**Exercise goal:**
An exact restatement of the data below, with the pictures removed, is the required answer.

**Short descriptive text snippets:**
^^^^
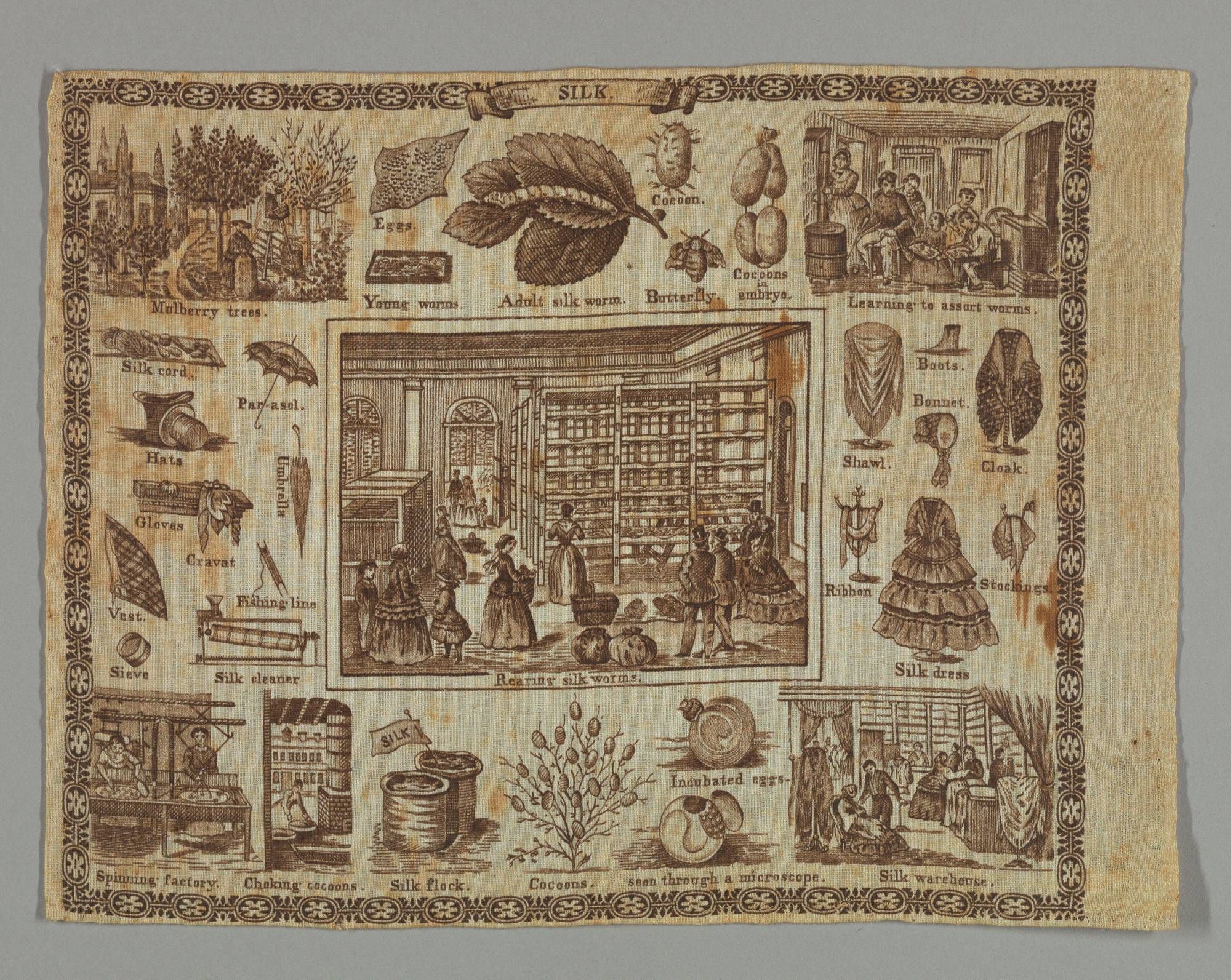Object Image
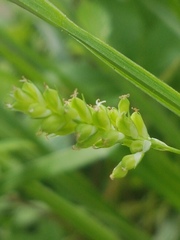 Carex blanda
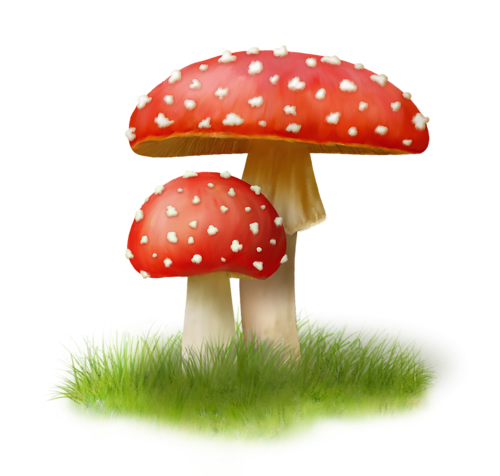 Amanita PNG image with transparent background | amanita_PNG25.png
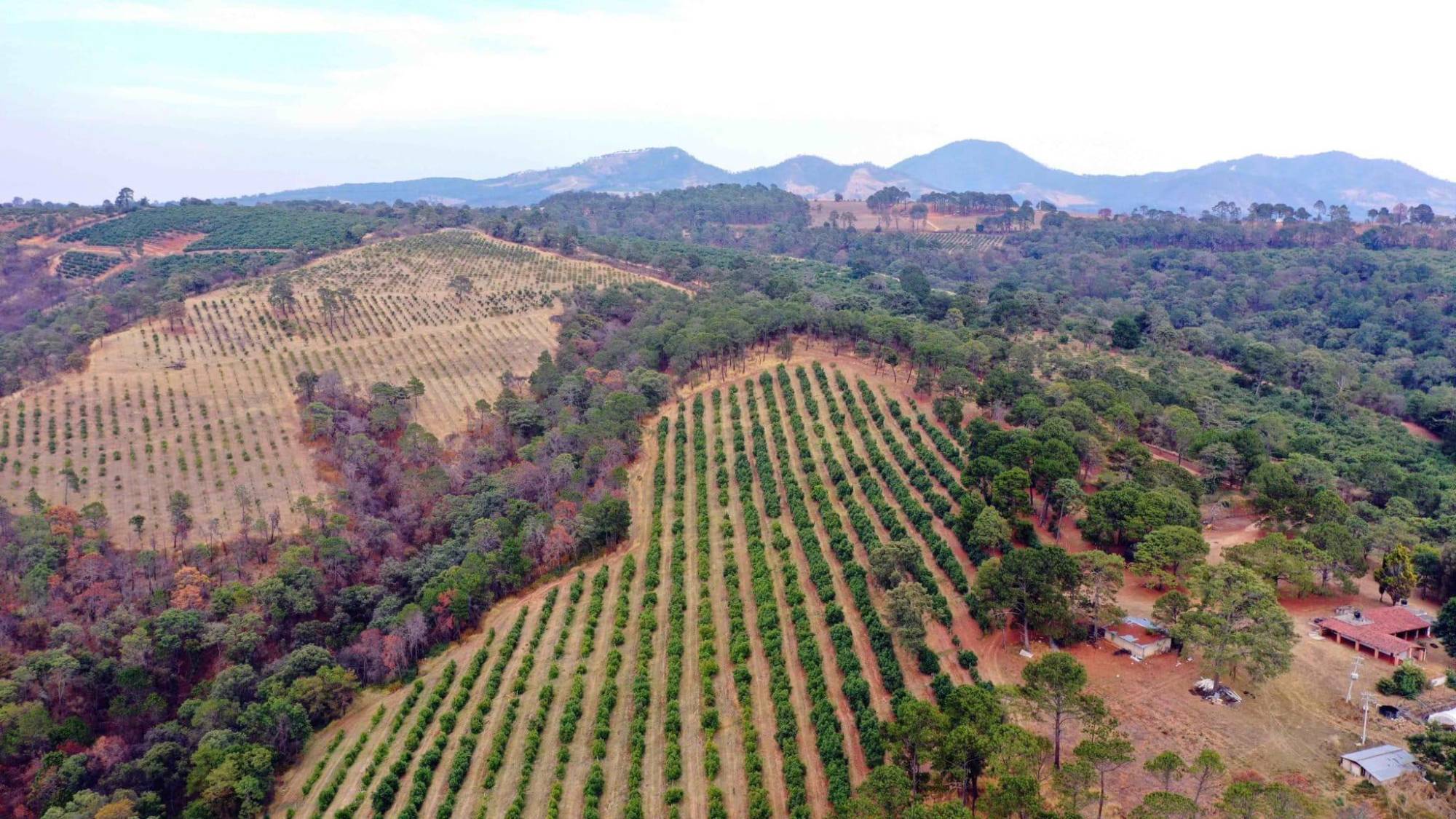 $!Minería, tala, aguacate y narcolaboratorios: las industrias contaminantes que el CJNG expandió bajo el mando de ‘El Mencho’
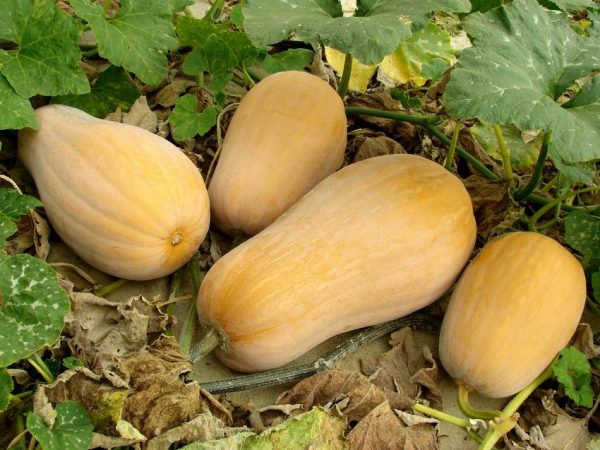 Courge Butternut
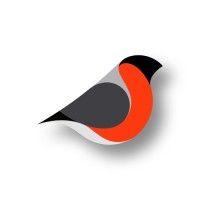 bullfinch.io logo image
^^^^
**Exercise result:**
Object Image
 Carex blanda
 Amanita PNG image with transparent background | amanita_PNG25.png
 $!Minería, tala, aguacate y narcolaboratorios: las industrias contaminantes que el CJNG expandió bajo el mando de ‘El Mencho’
 Courge Butternut
 bullfinch.io logo image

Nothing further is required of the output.